Vol. 23, No.8 Week of February 25, 2018

Revised design for Grant Lake hydro

FERC seeks public comments prior to preparing environmental impact statement for project near Moose Pass on the Kenai Peninsula

Alan Bailey

Petroleum News

The Federal Energy Regulatory Commission is requesting comments on a revised design for a proposed hydroelectric project at Grant Lake on the Kenai Peninsula. FERC is going to prepare an environmental impact statement for the project and anticipates publishing a draft EIS in October and a final EIS in April 2019.

Kenai Hydro LLC, a subsidiary of the Alaska Electric and Energy Cooperative, the business entity that operates power generation and transmission facilities as a part of Homer Electric Association, is proposing to build the hydropower system to help meet Homer Electric’s goal for the use of renewable energy in the utility’s power generation mix.

Near Moose Pass

Grant Lake is an L-shaped water body in the hills above and to the east of the Seward Highway, where the highway runs through the valley of Moose Pass, with Grant Creek flowing from Grant Lake into Lower Trail Lake, just south of the southern end of Upper Trail Lake. Construction of the five-megawatt hydro facility would involve diverting water from Grant Lake through a tunnel to a powerhouse near the outlet of Grant Creek canyon, a natural rock canyon.

The project has raised numerous concerns about possible impacts on the Kenai River watershed. The historic Iditarod Trail from Seward to Nome also passes through the project area, a situation that has required discussions over any conflicts with the trail route.

Although Kenai Hydro had at one time considered the possibility of constructing a concrete dam at the outlet end of Grant Lake, the company eventually settled on a design which eliminates the need for a dam and places a water intake below the level of the lake’s natural water surface, to the east of the lake’s outlet into Grant Creek. A bypass pipe to Grant Creek would enable the required minimum flow rate in Grant Creek to be maintained.

The maximum drawdown of the lake, to feed the hydropower system, would take place in the winter, with the spring runoff subsequently replenishing the lake.
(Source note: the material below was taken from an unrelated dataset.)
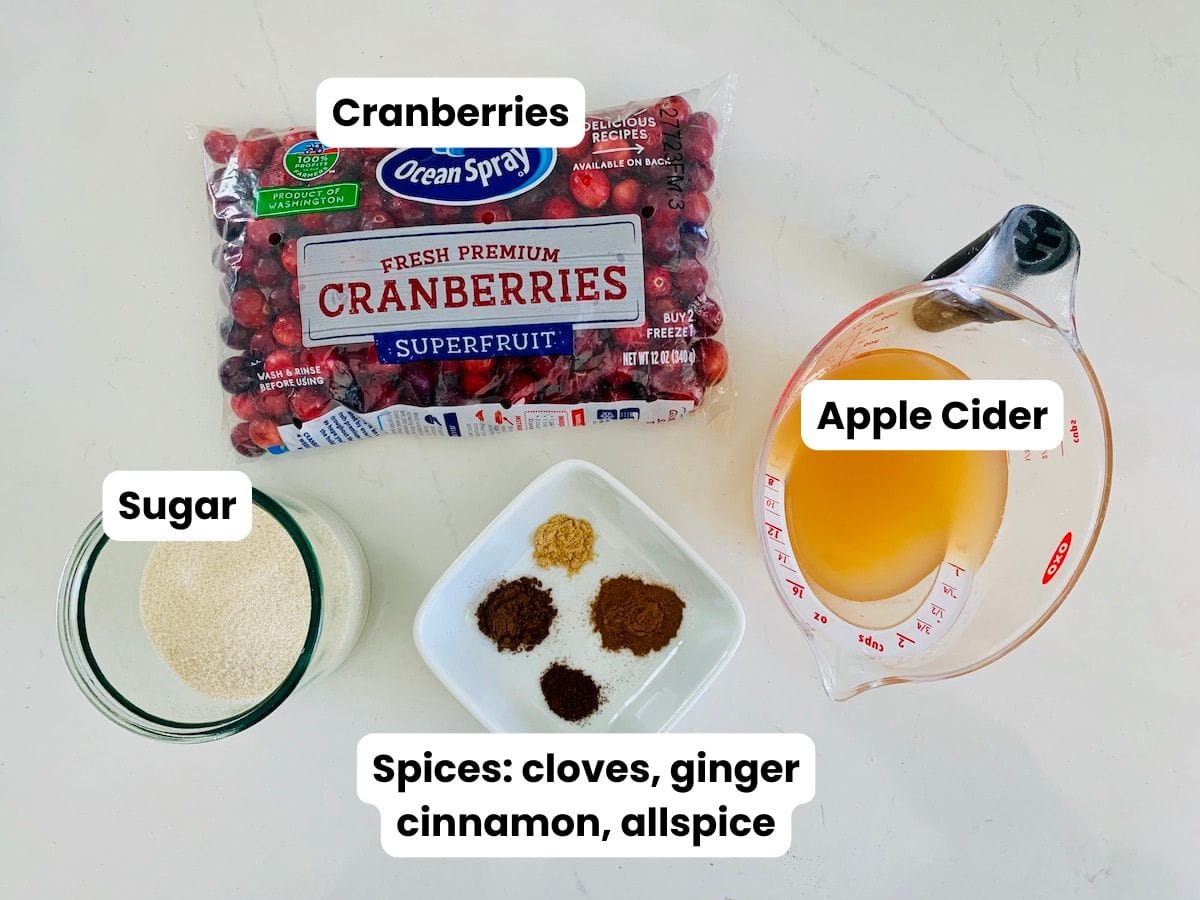 Ingredients on a white counter: cranberries, apple cider, spices (cloves, ginger, cinnamon, allspice), and sugar.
Kenai Hydro filed a license application for the project with FERC in April 2016 and FERC subsequently conducted scoping meetings and prepared scoping documents for an environmental impact statement.

Agency request

FERC says that in October 2016 the National Marine Fisheries Service and the U.S. Fish and Wildlife Service asked Kenai Hydro if it would be feasible to move the bypass flow into Grant Creek to a point close to the outlet of the creek from Grant Lake. The agencies said that this bypass relocation would facilitate downstream ecological processes with little impact on the project economics or power generation capabilities.

During the winter of 2016-17 Kenai Hydro conducted engineering and economic feasibility assessments for the agencies’ request. The company ultimately determined that the relocation of the bypass flow would be viable and proposed this option as the preferred design for the hydropower facility. The company subsequently filed an amendment to its original FERC license application, to incorporate the altered design. The new design involves a pump system and a weir structure at the outlet from the lake and eliminates the bypass pipe in the earlier design.

FERC is now seeking comments on the amended design.